“What form does the data take?” is a question that developers ask early in the life-cycle of any information technology project.
Last year, Doris Duke Archivist Mary Samouelian approached some of us in the IT department with an idea for a project that involved a specific kind of data. She wanted to produce an interactive timeline of Doris Duke’s life for a presentation she would give at a Friends of the Duke University Libraries meeting in May. We took it on, and resolved to do something innovative with it. The final result of our work is available here; for more on the project, see Mary’s post on the Devil’s Tale blog, “The Doris Duke Collection Reimagined.”
To me, an innovation means opening the way to a new service or a new capacity. A one-off project wouldn’t have done that.
When we took up the project in earnest in mid-February, the data was in the form of an extensive and detailed Microsoft Word document that Mary had written. One of the first questions we needed to resolve was how to represent the information in the Word document as data.
We needed a way for Mary to read and edit the data on an ongoing basis. At the same time, the data must be available in a structured format that computers can manipulate. This tension between the reading methods of intuitive, interpretive human beings and fussy, unforgiving computers is the central challenge of representing data.
As it happens, archivists already represent timelines in a way that computers can process. Encoded Archival Description (EAD) is an XML standard for archival finding aids. Among its many features, it specifies a way for archivists to build timelines related to the creators of a collection’s material. As a practiced author of finding aids, Mary is familiar with the use of EAD. Since the development team for the project is the same group that recently built our finding aids site, EAD seemed like a natural fit for the project.
However, there is an emerging standard, related to EAD, that also caught our attention. Encoded Archival Context for Corporate Bodies, Persons and Families (EAC-CPF or just EAC) “provides a grammar for encoding names of creators of archival materials and related information.” I first became familiar with it when I saw a presentation at the 2010 code4lib for the Social Networks and Archival Context (SNAC) project. The presenter called their prototype implementation “Facebook for dead people.”
That site uses EAC records from a variety of institutions to accomplish several ends. First, it shows the array of collections from the participating institutions associated with an individual – say, Walt Whitman. Second, it builds a social network among individuals, linking a creator like Whitman to other parties with whom he corresponded, was related, or otherwise associated.

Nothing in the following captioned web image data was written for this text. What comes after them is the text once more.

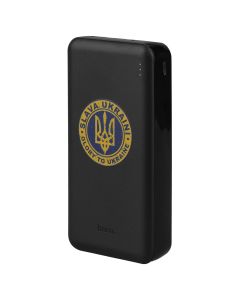 PowerBank 20000 мАг Hoco J100A Любовь Украина Слава Черный (Black)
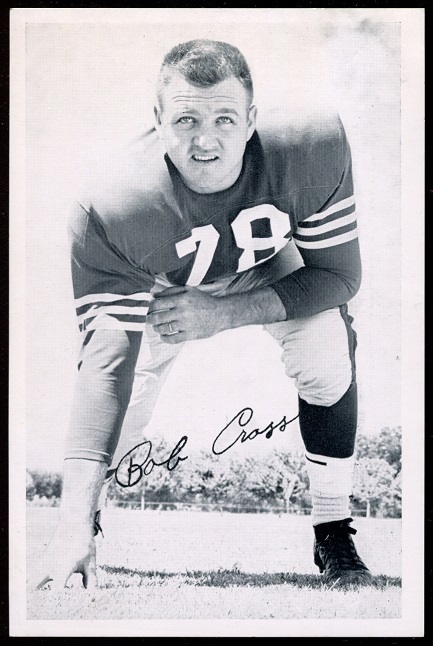 1957 49ers Team Issue #11 - Bobby Cross - exmt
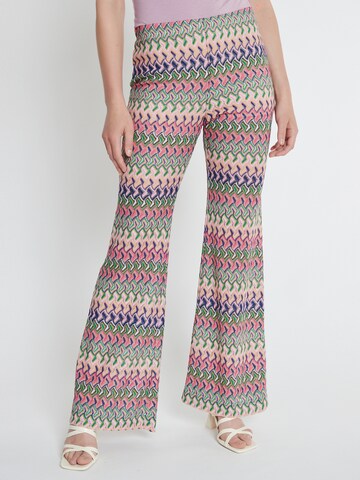 Ana Alcazar Boot cut Pants 'Klala' in Mixed colors: front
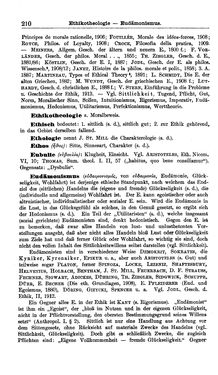 Image of the Page - 210 - in Handwörterbuch der Philosophie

Another aim of EAC is to establish an infrastructure of name authority for the corporate bodies and people who create archival collections. To that end, the EAC community – including our former Duke colleague Kathy Wisser – has received an IMLS grant, Building a National Archival Authorities Infrastructure. The grant will fund a series of workshops through the Society of American Archivists, and the development of “a set of recommendations addressing business, governance, and technological requirements.”
As the development team discussed Mary’s project, we liked the idea of using EAC-CPF markup to represent information about Doris Duke. For one thing, we admire the SNAC web site, and have discussed in the past using it as a model for a series of “person portals” into our collections. We wanted to familiarize ourselves with EAC, and the Doris Duke project seemed like an appropriate entry point.
There was only one problem. EAC defines a “chronlist” tag for representing timelines, but its specification was not robust enough. It does not support two of our important needs: 1) linking media files (i.e., images) to events; and 2) linking individual events to the finding aids for collections that provide source materials about the events. Faced with this limitation, we decided to take liberties.
In contrast to EAC, our reading of the EAD tag library confirmed that the specification for its “chronlist” tag is robust enough to support our requirements. We decided to mix the parts of EAD that we liked into our EAC document. The basic technique for mixing and matching XML standards is to use namespace declarations. A namespace is a kind of domain identifier for XML elements. It says, to computers (and people) reading a document, “This tag belongs to that schema.”
If my explanation is overly technical, here are some fitting analogies for what we did: we invented a new fusion cuisine dish; we installed a whammy bar on a Les Paul; we used cobra genes to engineer a killer rabbit.
The resulting EAC file for the Doris Duke project is available here. The tags in that document beginning with the prefix “ead:” are the elements we borrowed from the EAD namespace.
The solution that we devised represented a kind of contract between the content creator, Mary, and the development team. It allowed the two parties to work in parallel, Mary encoding and revising the timeline, and the developers building its display.
Duke is participating in the National Archive Authorities Infrastructure project, which will ultimately integrate our collections into that “Facebook for dead people” social network. We’re also developing our expertise by working on more “people portals”; University Archives will be assigning additional Duke family EAC documents as a low-priority, background project to its interns. It probably took double the effort for the development team to produce a new service rather than a one-off project, but it helped us take our first steps toward this promising approach to describing and exposing the contents of our archival collections.